### Saved data entries
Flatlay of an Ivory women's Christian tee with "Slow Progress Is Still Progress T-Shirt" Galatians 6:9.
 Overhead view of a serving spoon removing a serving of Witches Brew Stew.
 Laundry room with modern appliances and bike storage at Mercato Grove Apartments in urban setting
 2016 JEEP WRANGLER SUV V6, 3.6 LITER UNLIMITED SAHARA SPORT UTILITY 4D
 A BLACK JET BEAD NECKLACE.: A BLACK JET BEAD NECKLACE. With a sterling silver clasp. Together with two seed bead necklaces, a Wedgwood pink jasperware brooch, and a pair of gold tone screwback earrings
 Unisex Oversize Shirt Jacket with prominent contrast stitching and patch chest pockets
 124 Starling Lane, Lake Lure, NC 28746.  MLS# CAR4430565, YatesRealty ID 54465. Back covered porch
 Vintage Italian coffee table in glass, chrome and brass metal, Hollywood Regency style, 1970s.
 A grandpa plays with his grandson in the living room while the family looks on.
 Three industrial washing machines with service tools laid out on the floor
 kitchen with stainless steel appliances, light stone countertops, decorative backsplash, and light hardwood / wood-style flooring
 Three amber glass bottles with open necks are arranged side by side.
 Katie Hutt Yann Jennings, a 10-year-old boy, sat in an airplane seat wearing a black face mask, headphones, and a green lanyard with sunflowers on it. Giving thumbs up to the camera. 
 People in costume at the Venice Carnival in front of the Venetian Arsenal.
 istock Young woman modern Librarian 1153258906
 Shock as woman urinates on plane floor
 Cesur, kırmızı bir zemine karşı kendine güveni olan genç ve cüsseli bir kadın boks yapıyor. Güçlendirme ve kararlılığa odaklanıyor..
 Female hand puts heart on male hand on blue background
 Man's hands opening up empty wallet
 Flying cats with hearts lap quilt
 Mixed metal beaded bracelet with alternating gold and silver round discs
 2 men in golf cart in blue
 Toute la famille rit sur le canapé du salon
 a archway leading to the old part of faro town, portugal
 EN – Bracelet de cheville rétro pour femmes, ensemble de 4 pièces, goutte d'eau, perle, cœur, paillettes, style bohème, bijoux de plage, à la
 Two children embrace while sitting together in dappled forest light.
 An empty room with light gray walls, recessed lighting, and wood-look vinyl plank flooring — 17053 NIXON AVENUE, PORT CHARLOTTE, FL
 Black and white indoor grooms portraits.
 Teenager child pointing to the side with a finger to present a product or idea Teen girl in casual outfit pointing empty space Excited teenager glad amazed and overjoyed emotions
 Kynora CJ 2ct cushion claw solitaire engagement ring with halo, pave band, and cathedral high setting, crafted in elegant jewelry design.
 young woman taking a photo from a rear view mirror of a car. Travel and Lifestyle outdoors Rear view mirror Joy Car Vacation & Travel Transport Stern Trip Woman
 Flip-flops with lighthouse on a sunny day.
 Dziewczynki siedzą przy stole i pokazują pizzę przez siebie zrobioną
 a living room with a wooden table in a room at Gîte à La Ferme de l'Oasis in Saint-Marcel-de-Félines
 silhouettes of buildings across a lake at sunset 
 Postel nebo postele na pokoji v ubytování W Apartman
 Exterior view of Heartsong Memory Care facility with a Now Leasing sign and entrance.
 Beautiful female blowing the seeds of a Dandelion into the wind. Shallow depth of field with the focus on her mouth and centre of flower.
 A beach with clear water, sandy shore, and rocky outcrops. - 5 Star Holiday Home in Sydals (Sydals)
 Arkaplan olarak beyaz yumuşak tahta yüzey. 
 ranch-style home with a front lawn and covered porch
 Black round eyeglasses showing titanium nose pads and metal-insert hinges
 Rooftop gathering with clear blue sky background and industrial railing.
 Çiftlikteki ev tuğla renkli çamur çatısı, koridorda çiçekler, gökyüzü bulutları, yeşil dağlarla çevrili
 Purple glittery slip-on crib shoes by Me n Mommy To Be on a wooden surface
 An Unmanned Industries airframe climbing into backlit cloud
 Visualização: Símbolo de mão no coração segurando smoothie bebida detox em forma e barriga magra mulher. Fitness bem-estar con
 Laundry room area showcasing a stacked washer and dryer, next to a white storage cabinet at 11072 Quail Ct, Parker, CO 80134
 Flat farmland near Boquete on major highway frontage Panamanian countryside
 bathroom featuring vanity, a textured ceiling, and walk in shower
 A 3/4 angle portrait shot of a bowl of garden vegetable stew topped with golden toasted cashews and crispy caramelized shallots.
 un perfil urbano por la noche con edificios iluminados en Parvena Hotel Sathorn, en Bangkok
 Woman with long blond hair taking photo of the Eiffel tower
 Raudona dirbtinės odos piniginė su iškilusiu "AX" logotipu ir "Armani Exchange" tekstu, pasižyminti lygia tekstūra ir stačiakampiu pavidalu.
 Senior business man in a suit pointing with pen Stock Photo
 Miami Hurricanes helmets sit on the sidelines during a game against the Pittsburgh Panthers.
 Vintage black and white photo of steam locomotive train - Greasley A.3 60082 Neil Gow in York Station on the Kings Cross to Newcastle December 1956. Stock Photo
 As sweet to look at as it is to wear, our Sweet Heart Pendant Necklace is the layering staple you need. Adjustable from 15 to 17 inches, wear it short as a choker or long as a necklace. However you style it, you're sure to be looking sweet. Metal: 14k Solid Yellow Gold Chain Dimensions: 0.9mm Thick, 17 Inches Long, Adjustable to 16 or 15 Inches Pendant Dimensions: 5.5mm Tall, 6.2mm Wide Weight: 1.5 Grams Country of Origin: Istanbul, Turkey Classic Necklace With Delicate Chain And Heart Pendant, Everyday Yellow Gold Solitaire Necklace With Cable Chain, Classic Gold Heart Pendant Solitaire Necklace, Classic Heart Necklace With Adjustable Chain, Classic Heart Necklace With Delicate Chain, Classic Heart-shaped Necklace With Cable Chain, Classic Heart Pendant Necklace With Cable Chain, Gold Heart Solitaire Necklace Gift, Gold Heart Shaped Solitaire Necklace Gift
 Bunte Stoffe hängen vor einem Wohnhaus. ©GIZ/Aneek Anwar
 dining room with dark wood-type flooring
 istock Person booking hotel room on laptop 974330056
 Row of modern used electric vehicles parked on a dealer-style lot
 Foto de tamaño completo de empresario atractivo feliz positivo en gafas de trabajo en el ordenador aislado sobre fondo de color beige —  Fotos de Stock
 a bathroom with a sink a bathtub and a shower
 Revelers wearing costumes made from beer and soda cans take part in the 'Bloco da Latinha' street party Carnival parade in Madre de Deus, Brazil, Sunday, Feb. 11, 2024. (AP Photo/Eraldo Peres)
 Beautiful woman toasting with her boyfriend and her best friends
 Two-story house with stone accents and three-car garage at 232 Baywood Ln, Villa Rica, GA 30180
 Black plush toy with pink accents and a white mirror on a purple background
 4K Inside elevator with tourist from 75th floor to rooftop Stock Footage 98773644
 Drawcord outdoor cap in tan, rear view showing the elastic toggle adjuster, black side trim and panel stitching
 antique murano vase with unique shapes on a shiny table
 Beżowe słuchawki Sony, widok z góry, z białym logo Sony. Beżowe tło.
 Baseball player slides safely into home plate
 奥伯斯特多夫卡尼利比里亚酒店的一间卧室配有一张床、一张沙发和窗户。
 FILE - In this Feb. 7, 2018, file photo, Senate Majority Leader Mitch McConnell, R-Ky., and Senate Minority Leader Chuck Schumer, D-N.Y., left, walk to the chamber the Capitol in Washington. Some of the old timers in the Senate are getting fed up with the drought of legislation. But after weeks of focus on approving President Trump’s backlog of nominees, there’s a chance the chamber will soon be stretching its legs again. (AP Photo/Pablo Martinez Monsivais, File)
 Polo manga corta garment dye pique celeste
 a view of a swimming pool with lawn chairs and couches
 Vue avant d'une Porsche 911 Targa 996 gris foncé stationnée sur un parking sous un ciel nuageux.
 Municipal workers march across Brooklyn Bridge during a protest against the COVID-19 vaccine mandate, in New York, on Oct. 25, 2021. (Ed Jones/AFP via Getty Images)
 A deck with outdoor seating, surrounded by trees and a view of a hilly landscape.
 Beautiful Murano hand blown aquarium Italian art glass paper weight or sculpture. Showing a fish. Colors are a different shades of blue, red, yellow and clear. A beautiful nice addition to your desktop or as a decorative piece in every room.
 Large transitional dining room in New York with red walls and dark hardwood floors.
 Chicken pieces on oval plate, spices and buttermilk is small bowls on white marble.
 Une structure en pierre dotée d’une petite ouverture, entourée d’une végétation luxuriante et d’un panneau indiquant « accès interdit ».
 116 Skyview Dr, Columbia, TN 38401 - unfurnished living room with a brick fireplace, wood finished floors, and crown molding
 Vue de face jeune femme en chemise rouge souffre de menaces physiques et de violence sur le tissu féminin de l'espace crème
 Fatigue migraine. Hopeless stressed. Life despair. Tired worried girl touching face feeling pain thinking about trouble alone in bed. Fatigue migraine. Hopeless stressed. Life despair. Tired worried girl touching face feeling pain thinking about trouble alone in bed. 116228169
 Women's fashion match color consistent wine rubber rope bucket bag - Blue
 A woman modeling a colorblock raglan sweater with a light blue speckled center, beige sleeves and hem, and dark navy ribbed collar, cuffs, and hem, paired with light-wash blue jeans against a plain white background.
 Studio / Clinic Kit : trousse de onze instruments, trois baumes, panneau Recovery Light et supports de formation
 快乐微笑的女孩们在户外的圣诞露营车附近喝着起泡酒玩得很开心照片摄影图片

### WHAT IS EXPECTED
All lines above from the one holding "Black plush toy" to the one holding "Beżowe słuchawki Sony, widok", inclusive, are to be copied exactly; no other line is wanted.

### ANSWER FOR THE TASK
 Black plush toy with pink accents and a white mirror on a purple background
 4K Inside elevator with tourist from 75th floor to rooftop Stock Footage 98773644
 Drawcord outdoor cap in tan, rear view showing the elastic toggle adjuster, black side trim and panel stitching
 antique murano vase with unique shapes on a shiny table
 Beżowe słuchawki Sony, widok z góry, z białym logo Sony. Beżowe tło.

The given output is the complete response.